Any picture in the material should be left out, while all other lines are copied exactly.

# [Dataset excerpt]
BEGIN

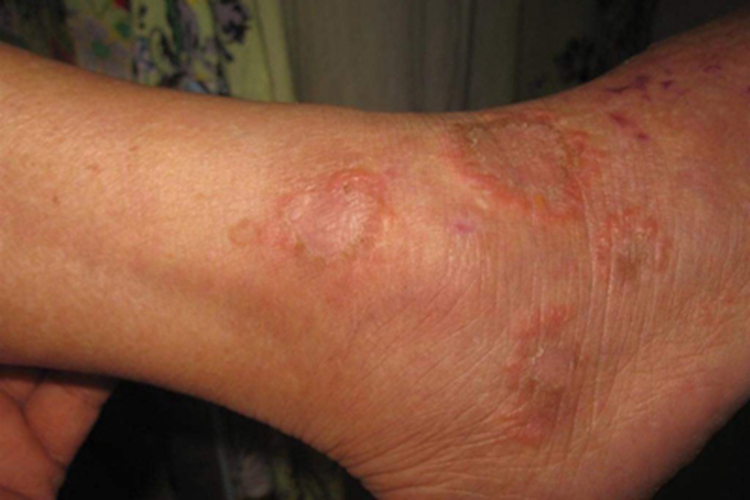 局限型环状肉芽肿症状图 局限型环状肉芽肿症状图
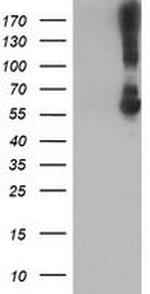 Kir3.1 (KCNJ3) Antibody in Western Blot (WB)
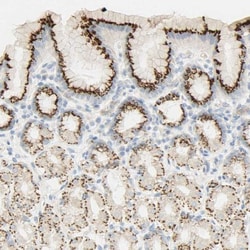 B4GALNT3 Antibody, Novus Biologicals 0.1mL; Unlabeled:Antibodies, Polyclonal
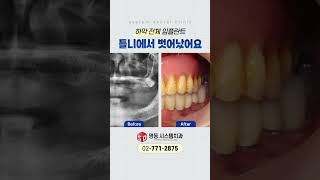 불편한 틀니, 오랜 기간 사용하면 잇몸뼈도 내려않을 수 있습니다! [명동 시스템치과]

END

# [Result of this exercise]
 局限型环状肉芽肿症状图 局限型环状肉芽肿症状图
 Kir3.1 (KCNJ3) Antibody in Western Blot (WB)
 B4GALNT3 Antibody, Novus Biologicals 0.1mL; Unlabeled:Antibodies, Polyclonal
 불편한 틀니, 오랜 기간 사용하면 잇몸뼈도 내려않을 수 있습니다! [명동 시스템치과]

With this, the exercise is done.